The other innovation Phillip implemented was the foot companions, the pezhetairoi or hypaspists. These could serve as sarissa armed phalagites of be equipped for hand to hand combat, a 15 to 18 foot long pike not being ideal for that. It was these troops that Alexander took in fast moving situations.

There is no evidence that Phillip had a ‘master plan’, but, after a little bit of pushing and shoving in Greece, must have realised that seizing mastery of Greece was a possibility. The question was what to do next, and that had to be something to unite the Greeks. The answer, as we all know, was the invasion the Persian Empire. This was a pan-Hellenic ideal, to punish Persia for the damage to Greek temples and other involvement in Greece over the centuries. Of course, other aims were involved: Persia was reported to be a plunderer’s paradise; some saw the war as a good way to get rid of Phillip, as he was unlikely to return, and so on.

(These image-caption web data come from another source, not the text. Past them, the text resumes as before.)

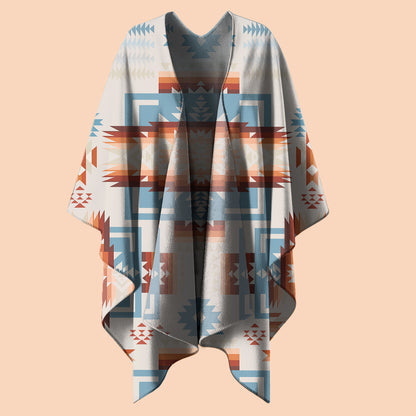 Boho Heritage Poncho – Native-Inspired Patterns in Sand, Sky & Clay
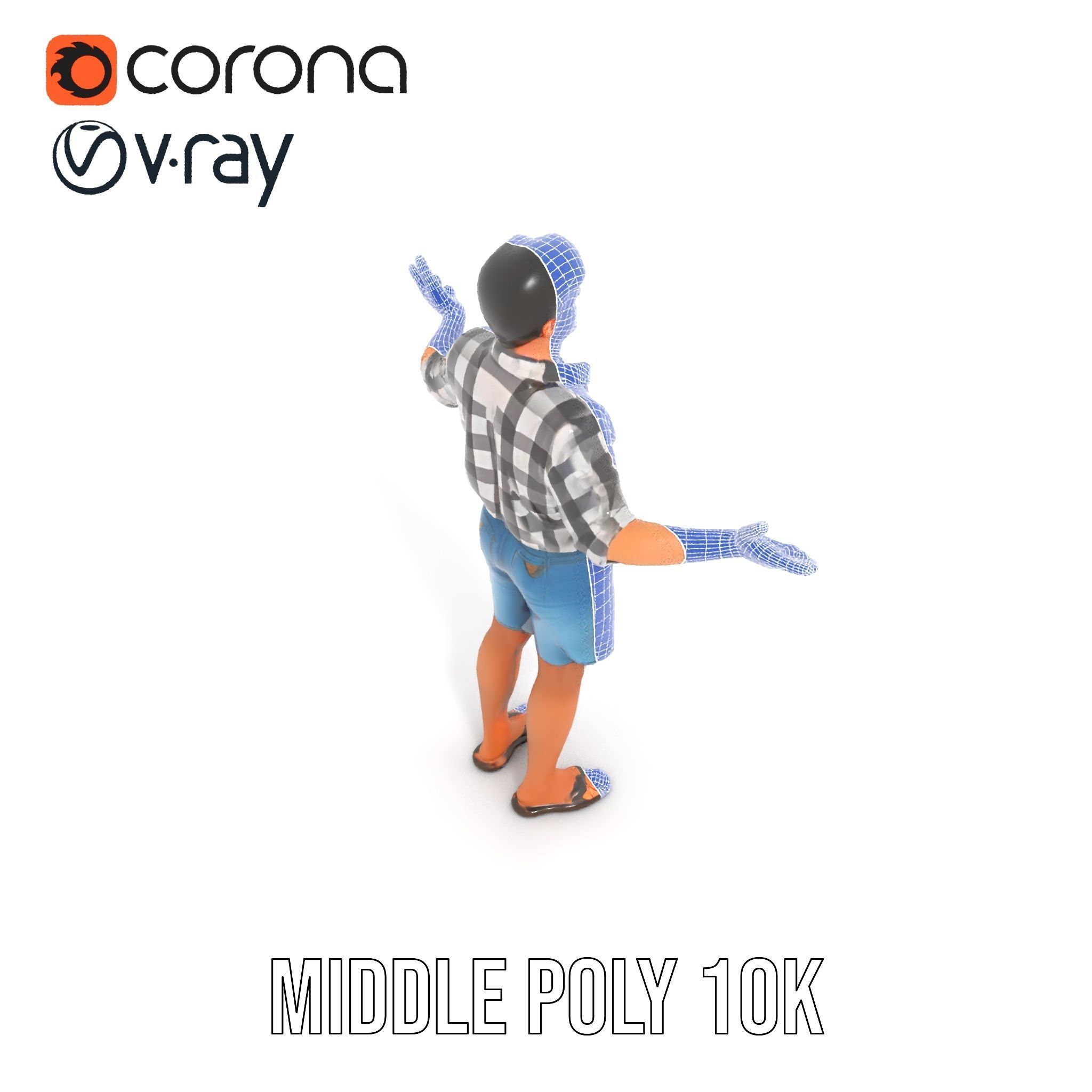 Casual Checkered Shirt Man Rigged and Animated D Model Low-poly 3D model_30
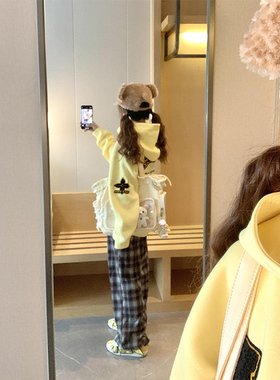 国潮牌奶黄色重工刺绣连帽卫衣女春秋新款美式慵懒宽松小个子外套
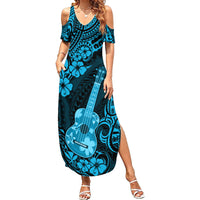 Hawaii Ukulele Family Matching Summer Maxi Dress and Hawaiian Shirt Polynesian Pattern Sky Blue Version LT01 Mom's Dress Blue - Polynesian Pride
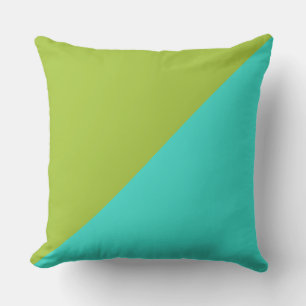 Cojín Decorativo Fondo de color sólido azul turquesa y verde andríi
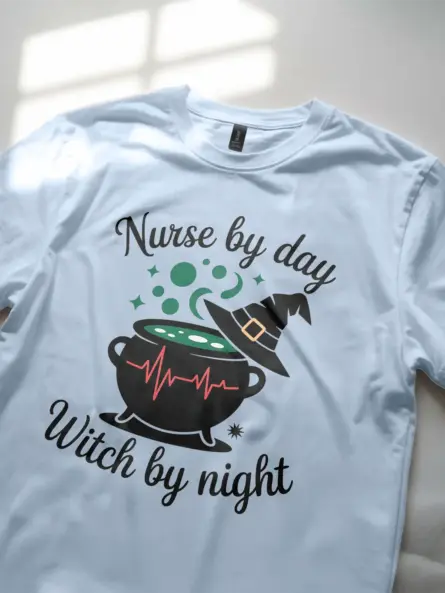light blue lifestyle shot nurse by day witch by night t-shirt healthcare worker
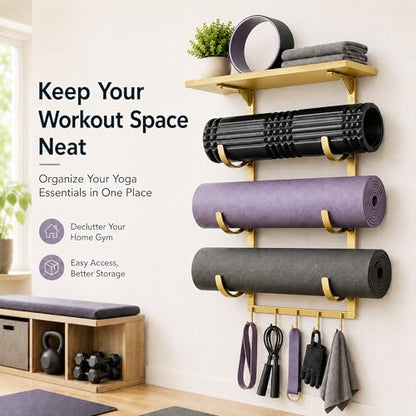 Wall Mount Yoga Mat Storage Rack - color: Gold B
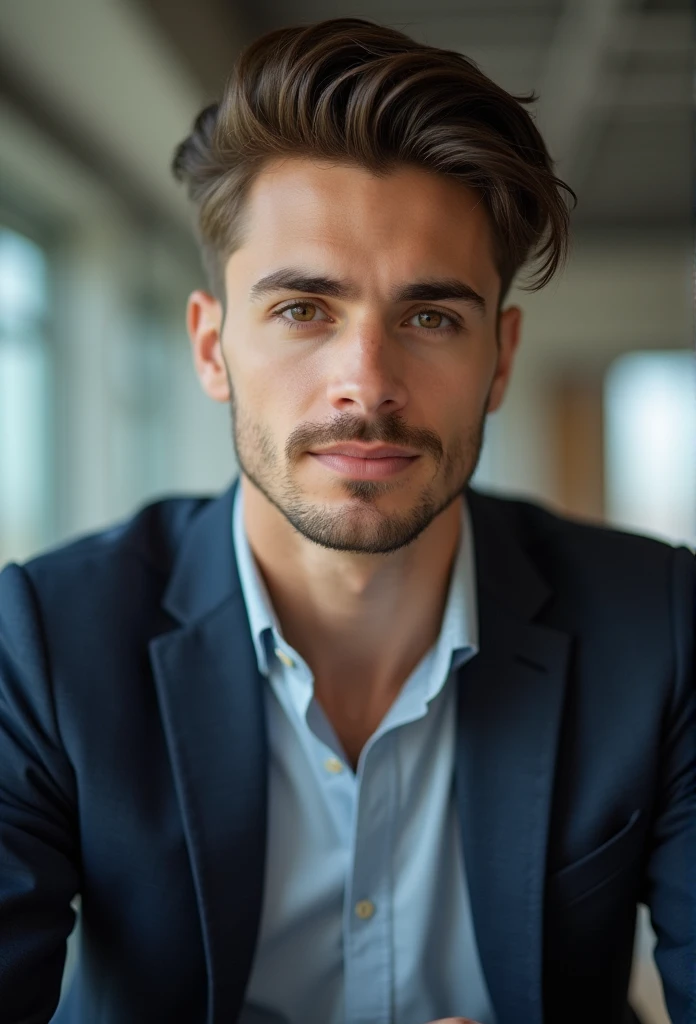 professional, (4k photo:1.1), (Dittmann Anna:0.3), (Arrian Mark:0.3), (Sharp Focus:1.3), high detail, wear fashionable clothes, beautiful detailed face, Brown eyes, asymmetric haircut, (attractive young man:1.3), body shape, Office with desk
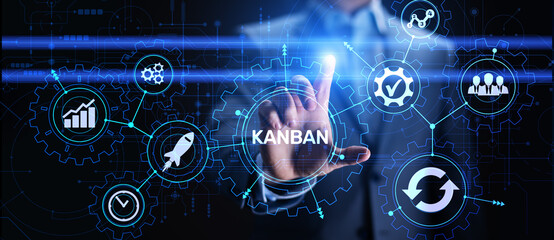 Kanban work flow process management system concept on virtual screen.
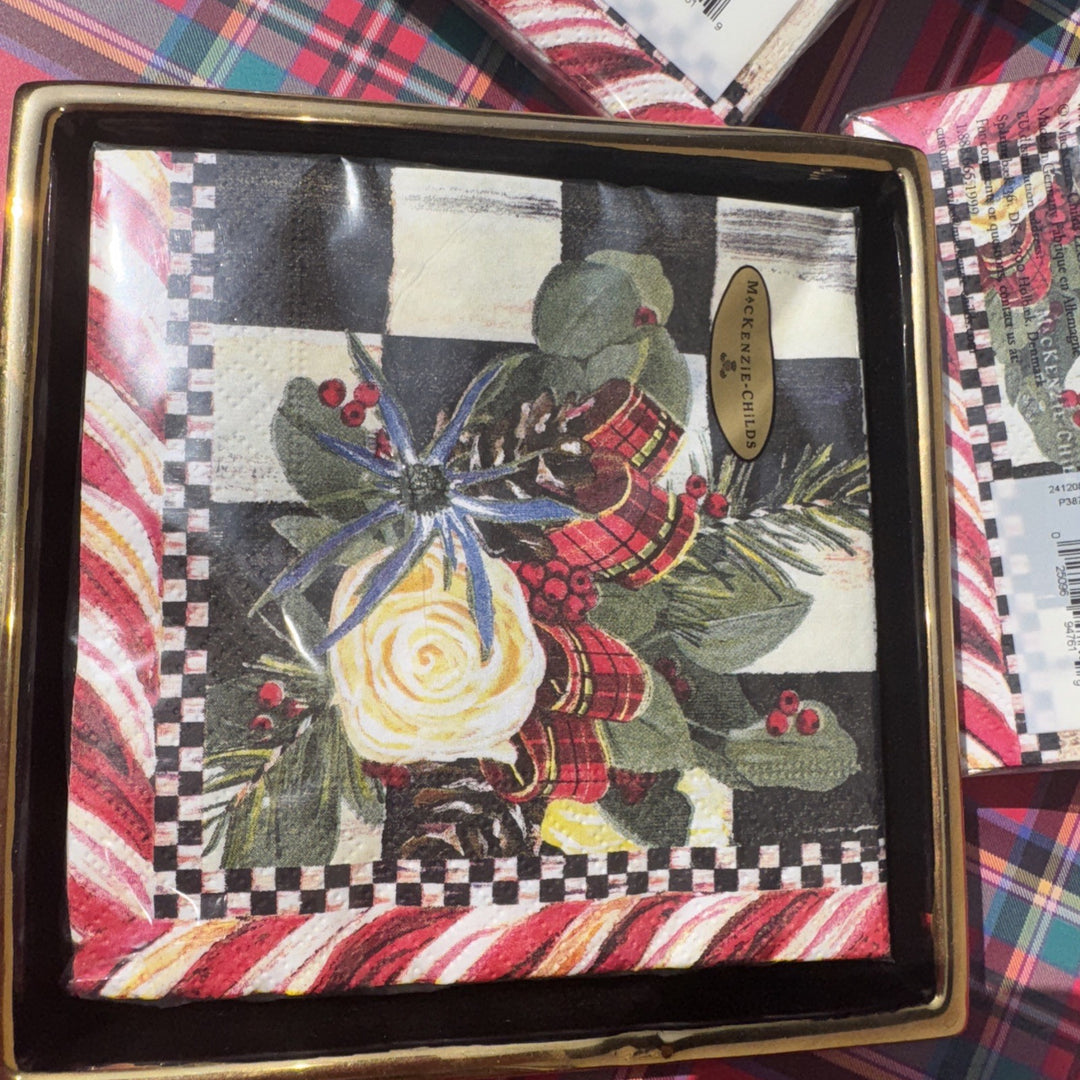 Mackenzie Childs Scottish Bouquet Holiday Cocktail Napkins 1 Pack 20 pack, NEW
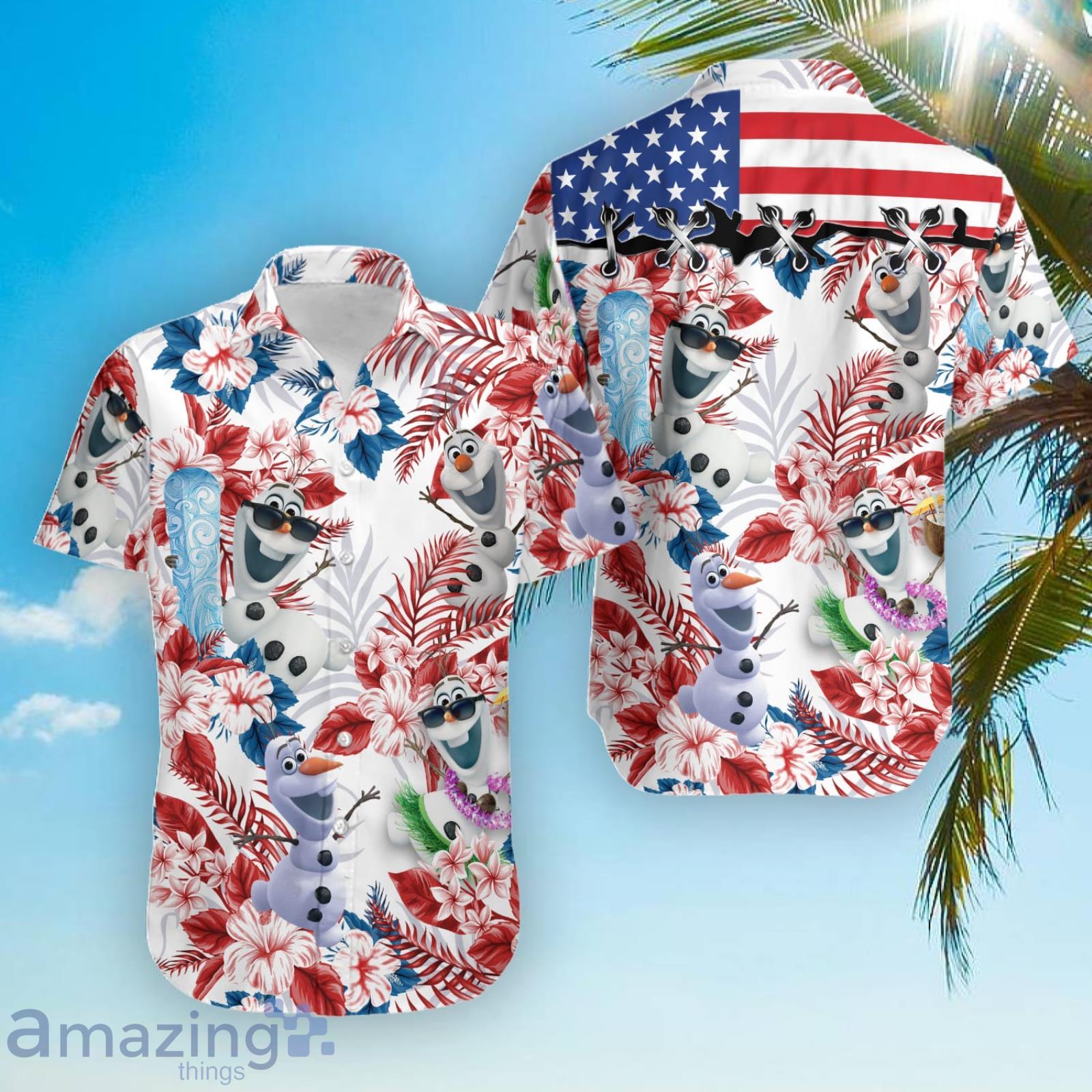 Olaf Frozen Blue Red 4th July Independence Day Disney Hawaiian Shirt For Men And Women Product Photo 1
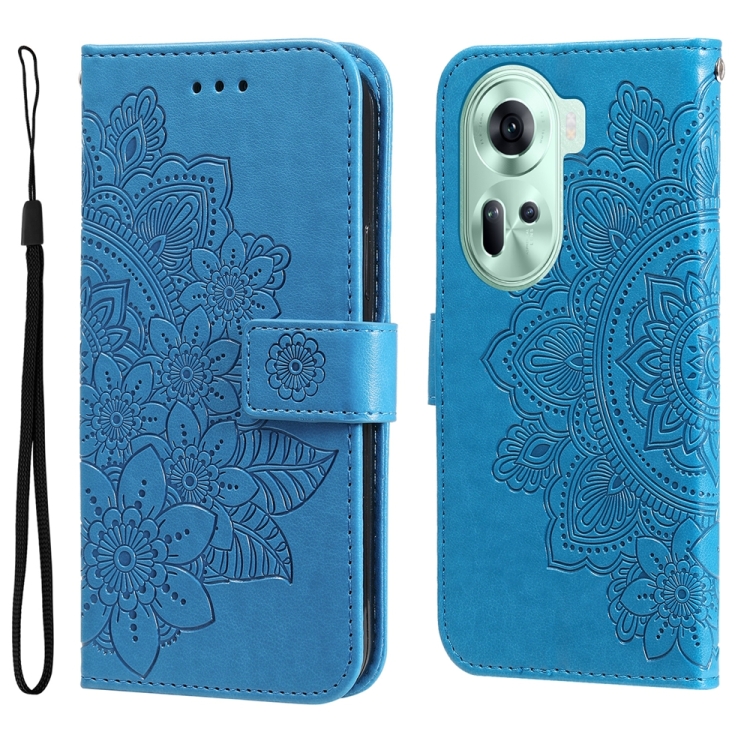 

For OPPO Reno11 5G Global 7-petal Flowers Embossing Leather Phone Case(Blue)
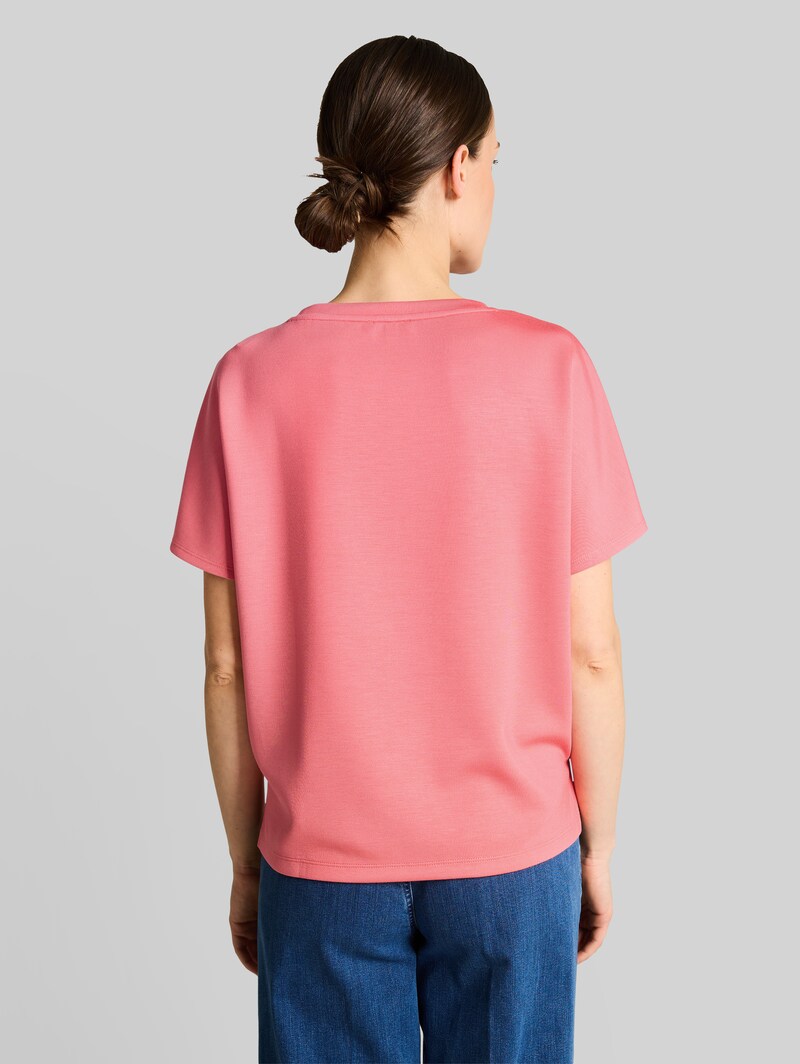 Tom Tailor Loose Fit Scuba T-Shirt mit Print - Soft Coral Pink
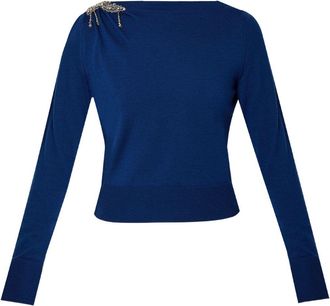 Erdem Maglione crop - Blu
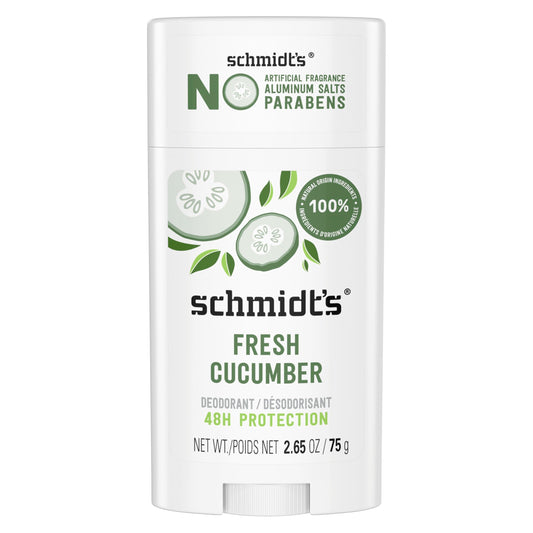 Schmidt's Aluminum-Free Vegan Deodorant Fresh Cucumber for Women and Men, with 24 Hour Odor Protection, Natural Ingredients, Cruelty-Free, 2.65 oz Beauty and Personal Care Schmidt's
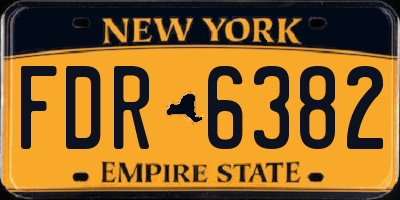 NY license plate FDR6382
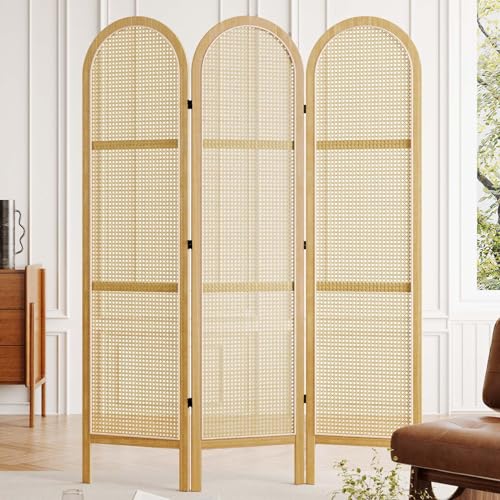 Svimi Room Dividers and Folding Privacy Screens, Pine Wood 5.6 Ft Double Hinged Rattan Partition Freestanding Wall Room Divider for Home - 3 Panels (Natural) Svimi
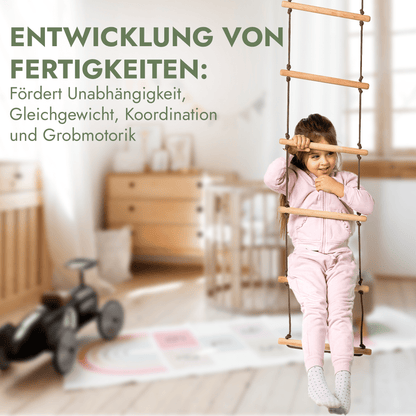 Schaukel Set für Kinder: Scheibe + Ringe + Strickleiter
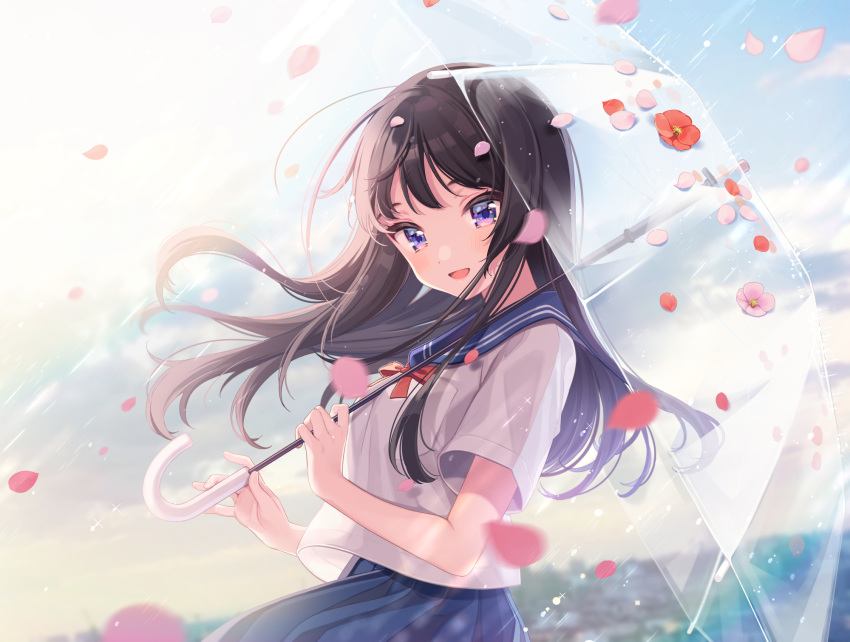1girl :d bangs black_hair blue_eyes blue_sailor_collar blue_skirt blurry blurry_background blush bow breasts commentary_request day depth_of_field eyebrows_visible_through_hair floating_hair flower hands_up highres holding holding_umbrella long_hair looking_at_viewer open_mouth original outdoors petals pink_flower pleated_skirt rain red_bow red_flower sailor_collar school_uniform serafuku shigure_ui short_sleeves skirt small_breasts smile solo transparent transparent_umbrella umbrella very_long_hair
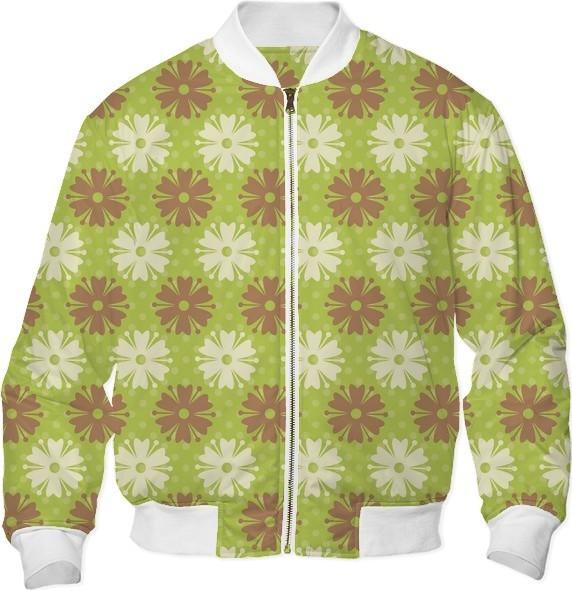 VIntage FLowers on Green Background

The question is then to what extent did Alexander simply land up in the fortunate position of having domination over Greece, and good army and a bridgehead in Asia, compared to his own ability to conquer the Persian Empire? As with most questions in history, this one can be argued either way. No doubt Phillip left him in a strong position, but he did have to take the initiative and, of course, win the battles.

Other chapters in the book deal with interesting, but less wargame related material. The fist discusses to what extent the Macedonian army became a democracy, focussing on the meetings of the army in Alexander’s later years, the ‘mutiny’ refusing to go further into India, and responses to the death of the king. There is an interesting chapter of Alexander’s deification – how much he thought he was actually a living god by the end of his life, and whether this fitted into Greek of Persian patterns of humans, heroes and gods. It is around these issues that many people start to wonder whether Alexander was of sound mind, but perhaps we do not understand the classical mind-set sufficiently to judge.

The other interesting chapter for the wargamer is Chapter 5, which discusses Alexander’s kingdom of Asia. This observes that the conquests after the fall of the Persian Empire had to fit a different rhetoric to the theme of punishment. Conquest became the idea. Alexander often confirmed in place the rulers of places he conquered, such as Porus. He was interested in conquering stuff, not really forming an empire. Further, he started to recruit Persians into the army, and Persian practices into the court. This caused a lot of dissent from the Macedonians who, as we all know, largely wanted to go home.

In terms of the campaign I mentioned last week, however, it would seem that the army that would be used against Carthage would consist, at least in part, of Persian troops, some armed in Macedonian fashion (Persians were recruited into the Companion cavalry, for example) but presumably some using their traditional weapons and tactics. Once a horse archer, I suppose, always a horse archer, or at least, you are useful enough to be employed as a horse archer, rather than retrained as a phalangite, for example.  


So, this is an interesting, scholarly, book, with a good bibliography of references to follow up upon. The question not answered, of course, is the one stated up front: was Alexander mad, bad, great, a god or just lucky?